YOUR INSTRUCTIONS: With the pictures left aside, write out exactly the lines of the listing below from the line with "Algopix Similar Product" to the line with "veronica_spicata_blauteppich_GM_R2.jpg", both included, and only those.

EXCERPTED RECORDS:
- - - - - - -
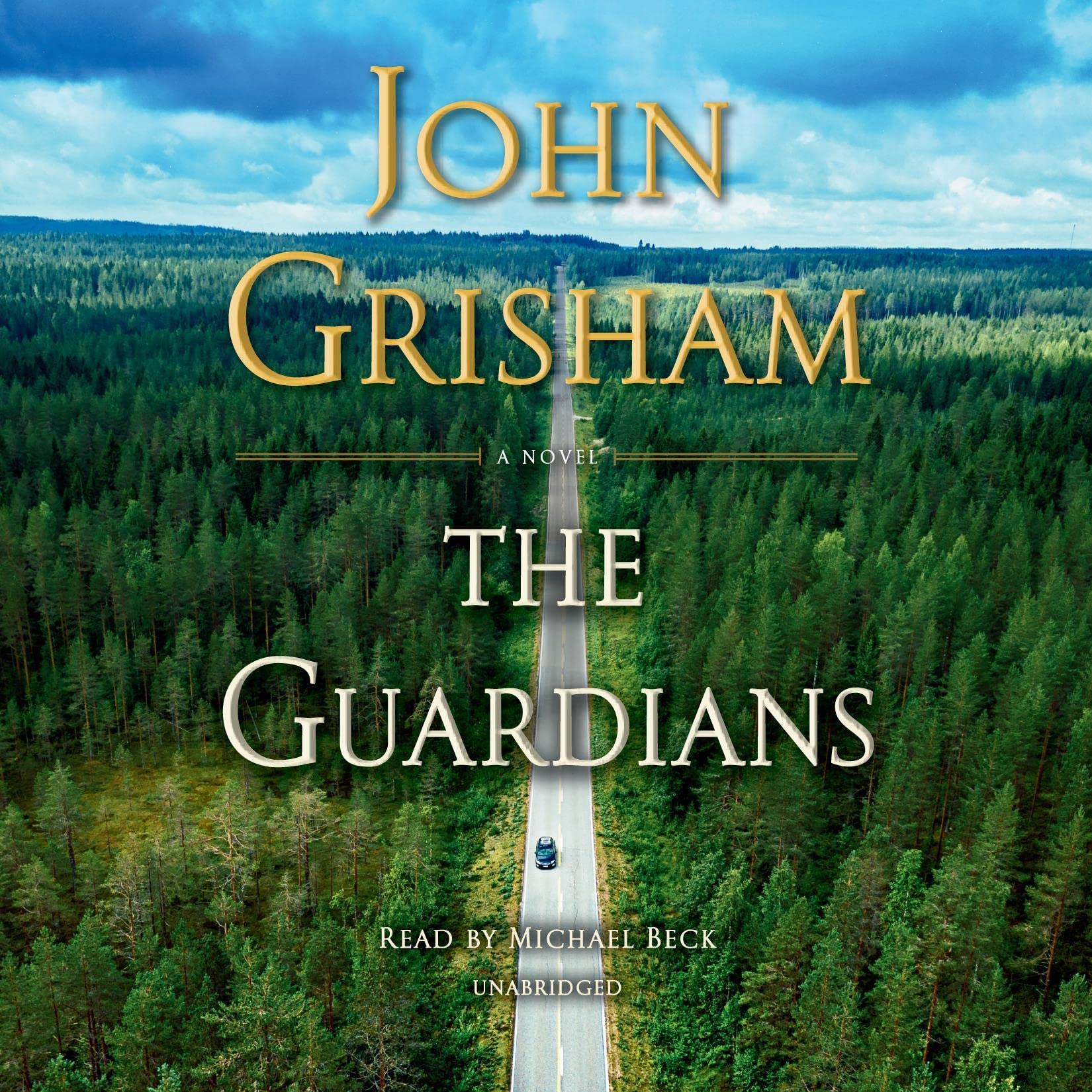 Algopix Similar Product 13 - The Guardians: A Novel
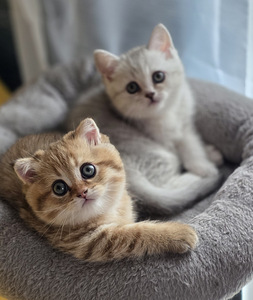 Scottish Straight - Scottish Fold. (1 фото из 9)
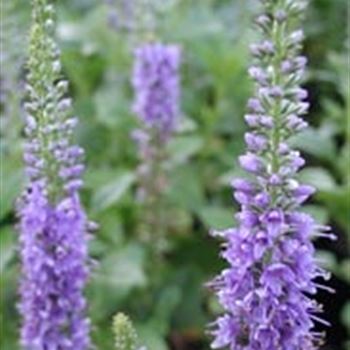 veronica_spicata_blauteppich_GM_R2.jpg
- - - - - - -
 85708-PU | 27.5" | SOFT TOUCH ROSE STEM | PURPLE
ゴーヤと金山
- - - - - - -
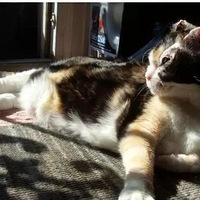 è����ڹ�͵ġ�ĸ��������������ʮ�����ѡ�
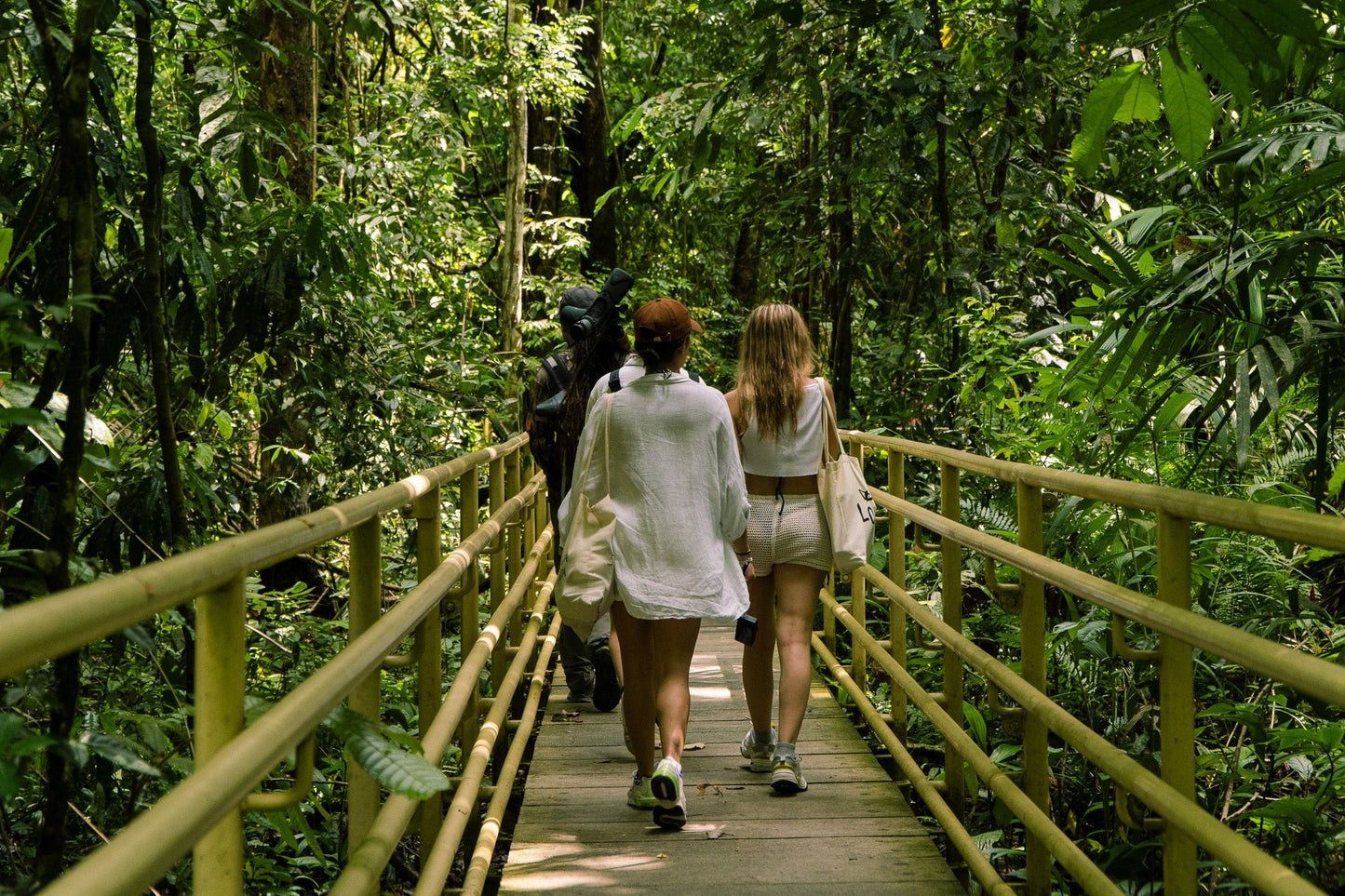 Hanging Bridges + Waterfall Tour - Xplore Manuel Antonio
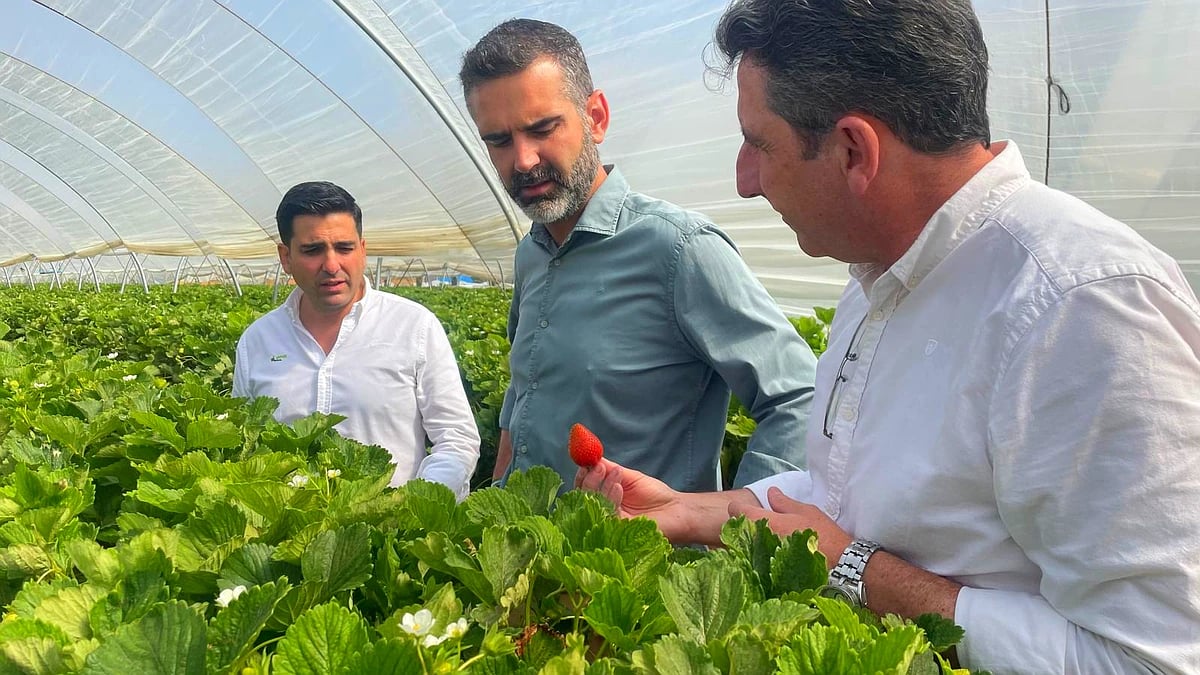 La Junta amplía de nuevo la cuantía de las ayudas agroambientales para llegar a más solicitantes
- - - - - - -
SOLUTION FOR THIS TASK:
 Algopix Similar Product 13 - The Guardians: A Novel
 Scottish Straight - Scottish Fold. (1 фото из 9)
 veronica_spicata_blauteppich_GM_R2.jpg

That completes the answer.